9. The composition according to 5, 6, 7 or 8. 10. The composition according to claim 1, further comprising a processed product of a caffeine-containing plant and / or a processed product of an indicane-containing plant. Stuff. 11. A processed product of a caffeine-containing plant, which is obtained by cutting, crushing, grinding, crushing, pressing a seed of the plant.
A fermented product and / or an extract, wherein a processed product of an indica-containing plant is obtained by cutting, crushing, grinding, crushing, pressing, fermenting and / or extracting leaves and / or stems of the plant; The composition according to claim 10, which is a product. 12. An extract of a caffeine-containing plant is obtained by extracting the seed of the plant with water and / or alcohol,
The composition according to claim 11, wherein the extract of the plant containing indica is obtained by extracting leaves and / or stems of the plant with water and / or alcohol. 13. A caffeine-containing plant, comprising:
aullinia), Coffia,
Tea (Thea sinensis) or Kola (Col)
a) A plant belonging to the genus, wherein the indica containing plant is a genus Tate (Pericaria) or a komatsunagi (Indi)
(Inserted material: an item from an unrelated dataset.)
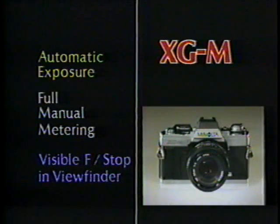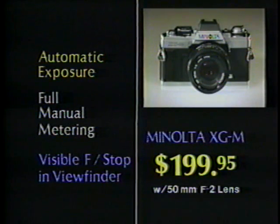With the Minolta XGM you get all the features of the XG1, plus full manual metering, visible f-stop in viewfinder, and the ability to accept the high-speed Minolta Motor Drive. The Minolta XGM now at this incredibly low Shoe Tan Price.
12. A plant belonging to the genus gofera).
Or the composition according to 12. 14. The plant containing caffeine according to claim 1, wherein the plant is a paullinia (P
agarinia (Guarania)
a), and the indica containing plant is
14. The composition according to claim 13, which is an indigo belonging to the genus aria). 15. A processed product of a caffeine-containing plant in a range of 0.01 to 10 times in terms of solids weight, based on a processed product of a plant belonging to the genus Pafia. 13. The composition according to 13 or 14. 16. A processed product of a plant containing Indica, which is 0.1% in terms of solid matter, of a processed product of a plant belonging to the genus Paphia.
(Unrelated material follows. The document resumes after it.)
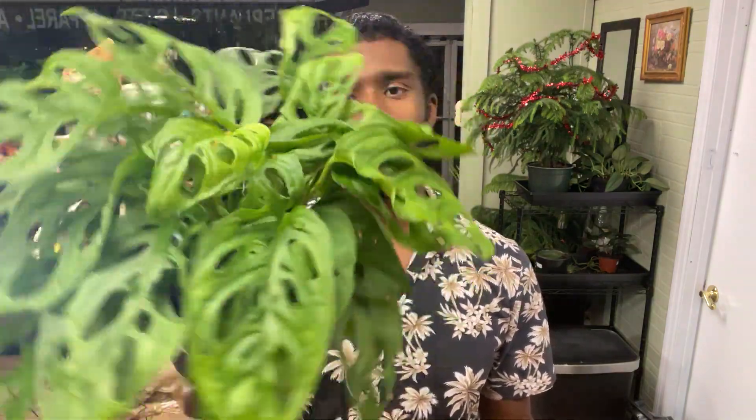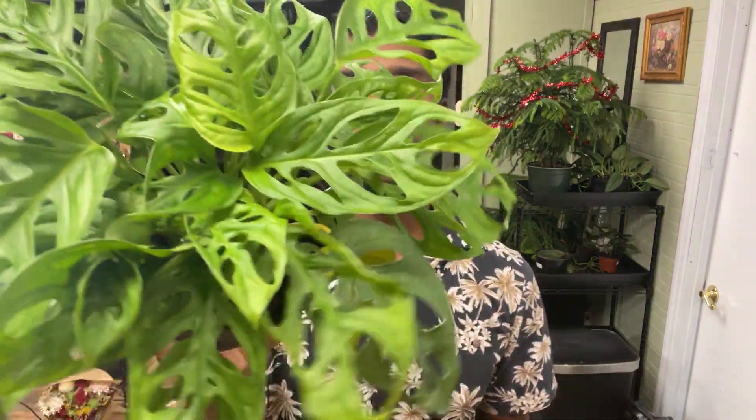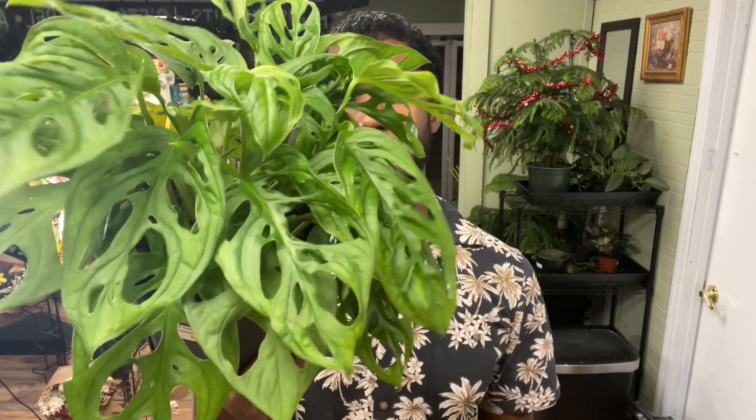These do like to vine and climb. So if you get a moss pole, something it can climb up and kind of spread out on, it'll do well on that. I want to thank y'all for watching the video — please make sure you like and subscribe if you liked what you saw today, and I'll catch you on the next one.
The composition according to claim 10, 11, 12, 13, 14, or 15, which is contained in the range of 0001 to 0.1 times the amount. 17. The composition according to claim 10, which comprises caffeine and / or a derivative thereof in an amount of 0.0001 to 4% (w / w) in terms of solid matter. Stuff. 18. The method according to claim 1, further comprising a carbohydrate.
8. The composition according to any one of 7. 19. The composition according to claim 18, wherein the saccharide is one or more selected from trehalose, anhydrous crystalline trehalose, maltose and anhydrous crystalline maltose. 20. The composition according to claim 1, which is in the form of a liquid, solid, powder, semi-solid, paste or suspension. 21. The composition according to claim 1, which is an oral composition. 22. The composition according to claim 1, which is a tonic. 23. The composition according to claim 1, which is used as an immunopotentiator, an antiallergic agent, a psychotropic agent and / or a tonic.